The resulting rift system failed to split the continent, but has remained as an aulacogen (a scar or zone of weakness) deep underground, and its ancient faults appear to have made the Earths crust in the New Madrid area mechanically weaker than much of the rest of North America.
This relative weakness is important, because it would allow the relatively small east-west compressive forces associated with the continuing continental drift of the North American plate to reactivate old faults around New Madrid, making the area unusually prone to earthquakes in spite of it being far from the nearest tectonic plate boundary.[16]
Since other ancient rifts are known to occur in North America but not all are associated with modern earthquakes, other processes could be at work to locally increase mechanical stress on the New Madrid faults.[17][18]
It has also been suggested that some form of heating in the lithosphere below the area may be making deep rocks more plastic, which would concentrate compressive stress in the shallower subsurface area where the faulting occurs.[19][20]

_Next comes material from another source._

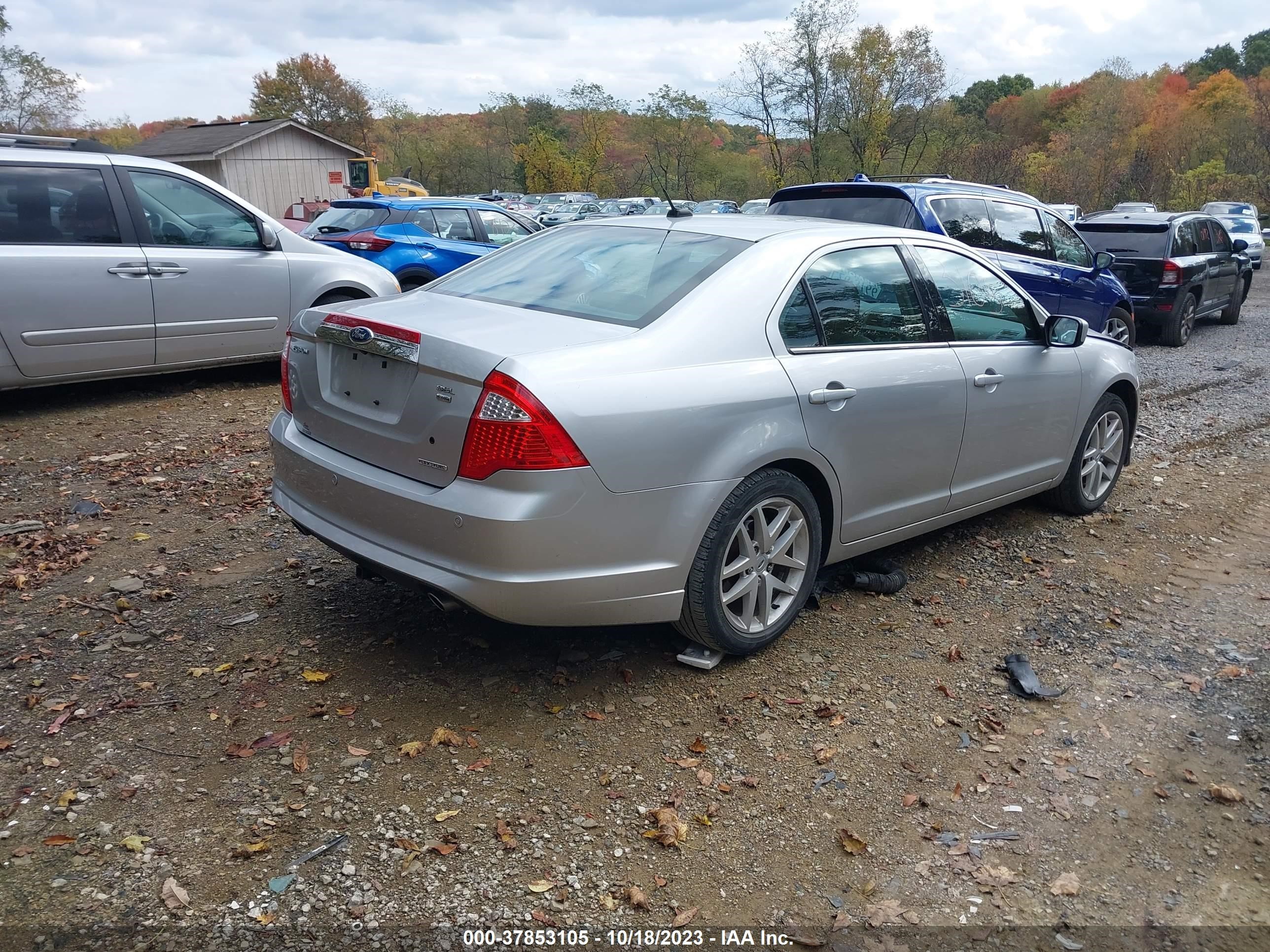 Photo 3 VIN: 3FAHP0CG1BR153194 - FORD FUSION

Earthquakes in the New Madrid and Wabash Valley seismic zones
Potential for future earthquakes:
In a report filed in November 2008, the U.S. Federal Emergency Management Agency warned that a serious earthquake in the New Madrid Seismic Zone could result in the highest economic losses due to a natural disaster in the United States, further predicting widespread and catastrophic damage across Alabama, Arkansas, Illinois, Indiana, Kansas, Kentucky, Mississippi, Missouri, Oklahoma, Texas, and particularly Tennessee, where a 7.7 magnitude quake would cause damage to tens of thousands of structures affecting water distribution, transportation systems, and other vital infrastructure.[21]

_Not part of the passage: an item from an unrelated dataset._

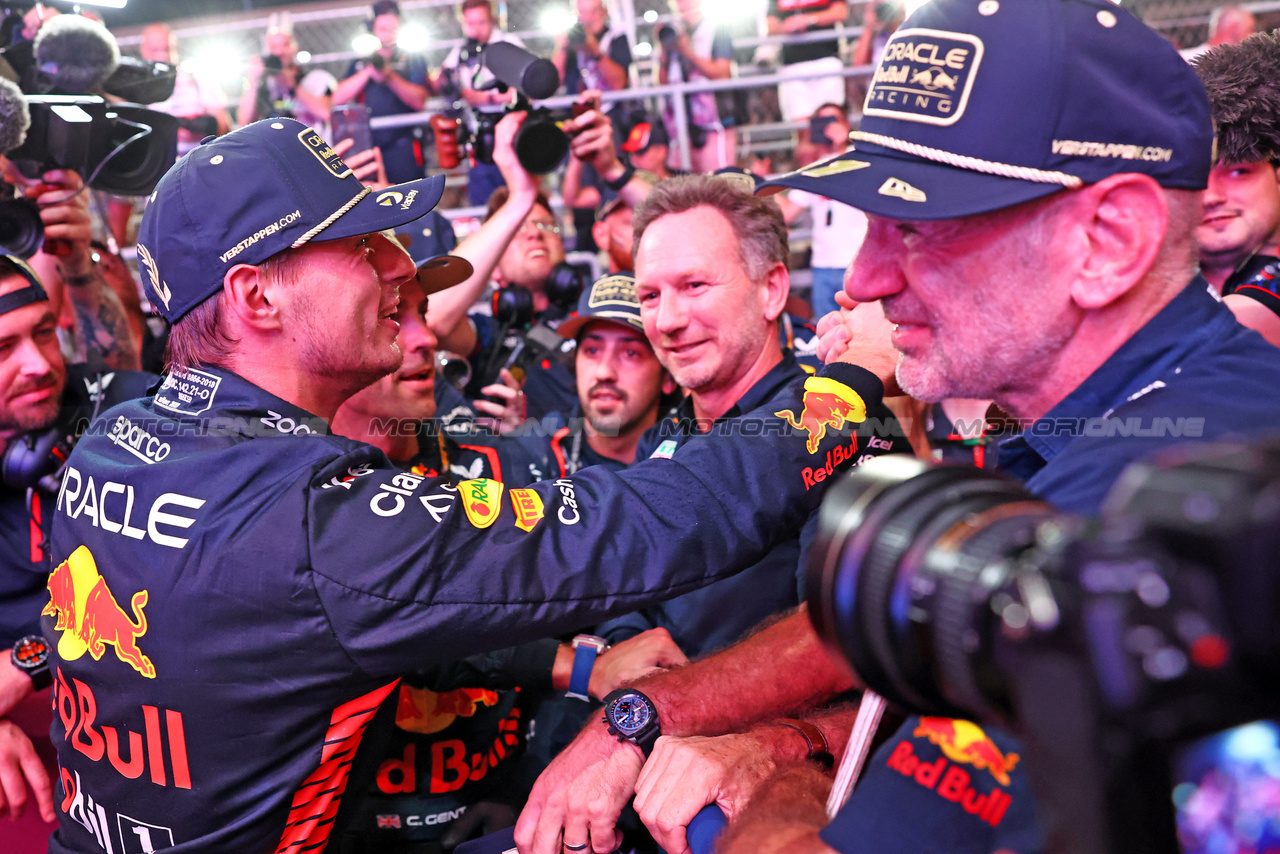GP QATAR, Max Verstappen (NLD) Red Bull Racing celebrates winning his third World Championship in Sprint parc ferme with Christian Horner (GBR) Red Bull Racing Team Principal e Adrian Newey (GBR) Red Bull Racing Chief Technical Officer.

The earthquake is expected to also result in many thousands of fatalities, with more than 4,000 of the fatalities expected in Memphis alone.
The potential for the recurrence of large earthquakes and their impact today on densely populated cities in and around the seismic zone has generated much research devoted to understanding in the New Madrid Seismic Zone.
By studying evidence of past quakes and closely monitoring ground motion and current earthquake activity, scientists attempt to understand their causes and recurrence intervals.
In October 2009, a team composed of University of Illinois and Virginia Tech researchers headed by Amr S. Elnashai, funded by the Federal Emergency Management Agency (FEMA), considered a scenario where all three segments of the New Madrid fault ruptured simultaneously with a total earthquake magnitude of 7.7.
The report found that there would be significant damage in the eight states studied Alabama, Arkansas, Illinois, Indiana, Kentucky, Mississippi, Missouri, and Tennessee with the probability of additional damage in states farther from the NMSZ.
Tennessee, Arkansas, and Missouri would be most severely impacted, and the cities of Memphis, Tennessee, and St. Louis, Missouri, would be severely damaged. The report estimated 86,000 casualties, including 3,500 fatalities, 715,000 damaged buildings, and 7.2 million people displaced, with two million of those seeking shelter, primarily due to the lack of utility services. Direct economic losses, according to the report, would be at least $300 billion.[22]